终于找到了问题的根源,就是所谓的async_read_until这个函数的错误理解,看上去这个很明确就是读取的数据停止在你设置的delimiter的条件,但是网络传输的性质决定了要满足这个条件实际上你接受到的数据肯定是超越了这个边界条件了,正常也无妨因为反正都是在streambuf里,可是我们有一个矛盾的做法就是在发起http request的时候要求keepalive,而通常你都是发出connection:close的请求,也就是说服务器方发完就可以关闭接受方也就简单了自动就可以推出,可是keepalive之后如何才能退出呢?除了自然等待服务器主动断线只有另一个办法就是根据content-length来决定什么时候数据完整了。那么这个时候我们使用async_read的condition条件是boost::asio::transfer_exactly(length)。那么这个length必须减去之前已经读到streambuf里的部分,否则就和transfer_at_least(1)一样了。另一个实在是不应该的错误是不可原谅的那就是exception也是遵循类的基本原理就是继承类和父类是兼容的,那么catch的顺序是有决定意义的。我对于throw的机制开始怀疑后对于exception的兼容性也开始怀疑了。

七月二十一日等待变化等待机会

找到一个很好的帖子是关于exception实现机理的讨论,这个省却了自己在gcc源代码里寻找,而且我也没有这个能力现在能够迅速找到源代码的实现部分,我也只需要一个原则的理解,那么何必呢?不过那个用setjmp之类的实现还是需要很多时间来学习,以前在poco里看到过一个类似的做法,严格的说不是类似,而是把signal转化为exception,这个实际上更加的困难,因为你需要回到当初signal发生的stack然后在哪里重新释放exception。

七月二十三日等待变化等待机会

这个是我在练习使用boost把zip文件解压缩。这里再强调一下,就是使用path和directory_iterator来遍历其中的文件,使用一些所谓的operation比如is_regular来判断文件属性,而文件名扩展名等是path的属性,这个需要熟悉。此外,algorithm里的iequals/ifind之类是case insensitive的算法。这个头文件boost/algorithm/string.hpp里有很多的需要熟悉的有用的算法。

#include <iostream>
#include <boost/filesystem.hpp>
#include <boost/algorithm/string.hpp>
using namespace std;
using namespace boost::filesystem;
using namespace boost::algorithm;
int main(int argc, char** argv)
{
        if (argc != 2)
        {
                cout << "usage: " << argv[0] << " <path>" << endl; 
                return -1;
        }
        path p(argv[1]);
        for (directory_iterator it = directory_iterator(path(argv[1])); it != directory_iterator(); it ++)
        {
                if (is_regular(it->path()))
                {
                        if (it->path().has_extension() && iequals(it->path().extension().string(), ".zip"))
                        {
                                string strCmd = "unzip -o ";
                                strCmd += it->path().string();
                                strCmd += " -d /home/nick/Downloads/game";
                                system(strCmd.c_str());
                        }
                }
        }
        return 0;
}

七月二十四日等待变化等待机会

读自己以前的笔记也是一种莫大的乐趣,而且我在回忆中不时的惊奇的发现我曾经是多么的伟大啊,难道我以前比现在更加的伟大?比如看到去年七月十七日的笔记我一点也想不起来原来set有这样的const_iterator的问题,而看到去年六月十一日的小程序写的多好啊,我居然可以把回调函数作为参数来调用不同的方法,这样的奇技淫巧简直是达到了一个登峰造极的地步。
这个是我看到的关于stateless ipv6的设置,原因是我的设备的ipv4总是随着重启而改变,那么有没有一个办法永久设置呢?我说的不是每个设备的static ipv4而是说router方面,看来是有的,但是设置界面比较复杂我设过一次又忘记了。目前我还缺乏基本的知识学习这部分内容,先保留在这里。

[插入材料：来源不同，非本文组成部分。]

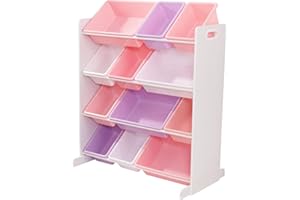 KidKraft Pastelowy organizer do przechowywania zabawek, organizer do przechowywania dla dzieci z 12 plastikowymi pojemnikami, wyjmowane pudełka do przechowywania, meble do pokoju zabaw dla dzieci /
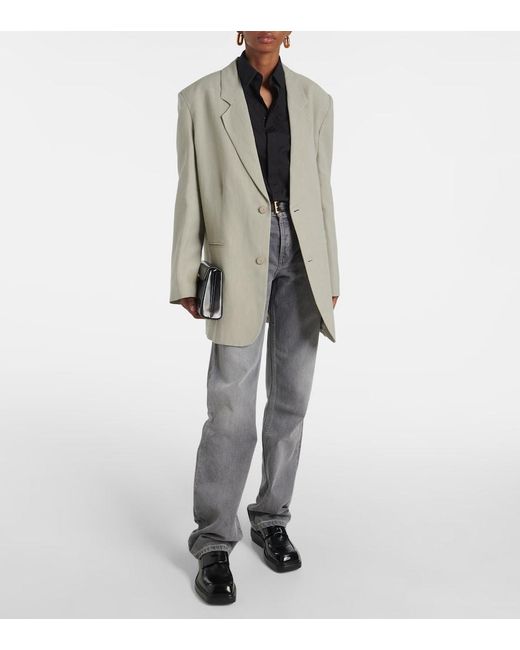 Re/done Gray High-Rise Straight Jeans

IPv6 Stateless Address Autoconfiguration

A host performs several steps to autoconfigure its interfaces in IPv6. The autoconfiguration process creates a link-local address. The autoconfiguration process verifies its uniqueness on a link. The process also determines which information should be autoconfigured, addresses, other information, or both. The process determines if the addresses should be obtained through the stateless mechanism, the stateful mechanism, or both mechanisms. This section describes the process for generating a link-local address. This section also describes the process for generating site-local and global addresses by stateless address autoconfiguration. Finally, this section describes the procedure for duplicate address detection.

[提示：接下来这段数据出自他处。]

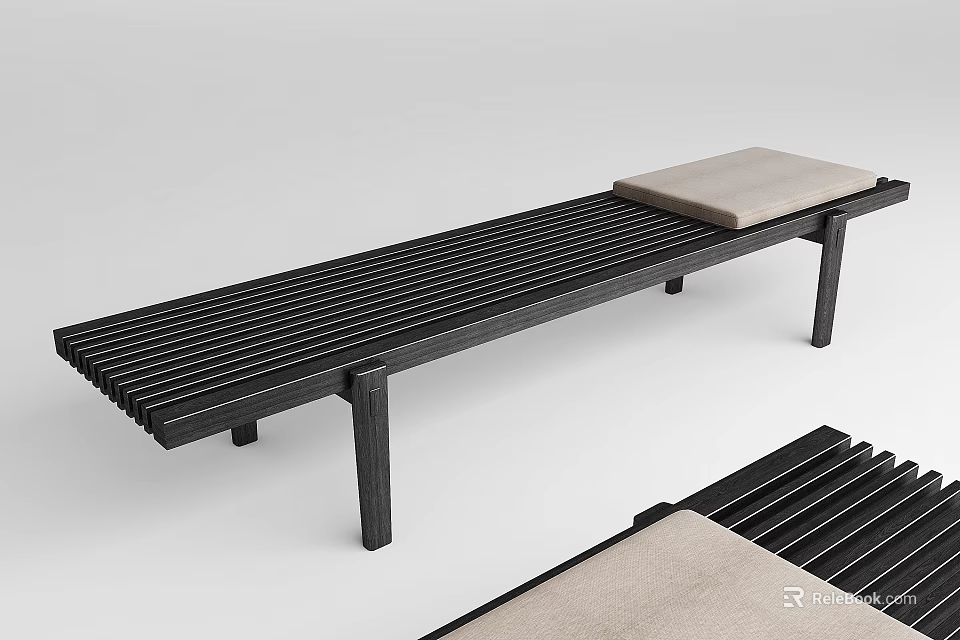 Modern Black Public Bench With Slatted Seat And Light Colored Cushion 3d model 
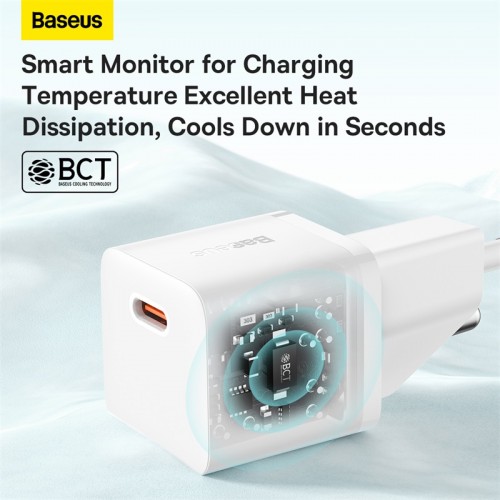 Мережевий зарядний пристрій Baseus GaN5 Fast Charger(mini) 1C 20W EU White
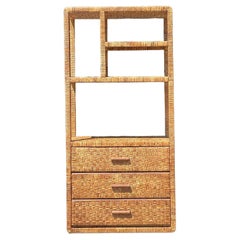 Vintage Coastal Woven Rattan Etagere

Stateless Autoconfiguration Requirements

IPv6 defines mechanisms for both stateful address and stateless address autoconfiguration. Stateless autoconfiguration requires no manual configuration of hosts, minimal (if any) configuration of routers, and no additional servers. The stateless mechanism enables a host to generate its own addresses. The stateless mechanism uses local information as well as non-local information that is advertised by routers to generate the addresses. Routers advertise prefixes that identify the subnet or subnets that are associated with a link. Hosts generate an interface identifier that uniquely identifies an interface on a subnet. An address is formed by combining the prefix and the interface identifier. In the absence of routers, a host can generate only link-local addresses. However, link-local addresses are only sufficient for allowing communication among nodes that are attached to the same link.

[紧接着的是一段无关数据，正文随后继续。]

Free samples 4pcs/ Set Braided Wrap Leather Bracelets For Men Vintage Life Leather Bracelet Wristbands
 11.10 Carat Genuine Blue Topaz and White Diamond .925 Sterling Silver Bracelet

Stateful Autoconfiguration Model

In the stateful autoconfiguration model, hosts obtain interface addresses or configuration information and parameters from a server. Servers maintain a database that checks which addresses have been assigned to which hosts. The stateful autoconfiguration protocol allows hosts to obtain addresses and other configuration information from a server. Stateless and stateful autoconfiguration complement each other. For example, a host can use stateless autoconfiguration to configure its own addresses, but use stateful autoconfiguration to obtain other information.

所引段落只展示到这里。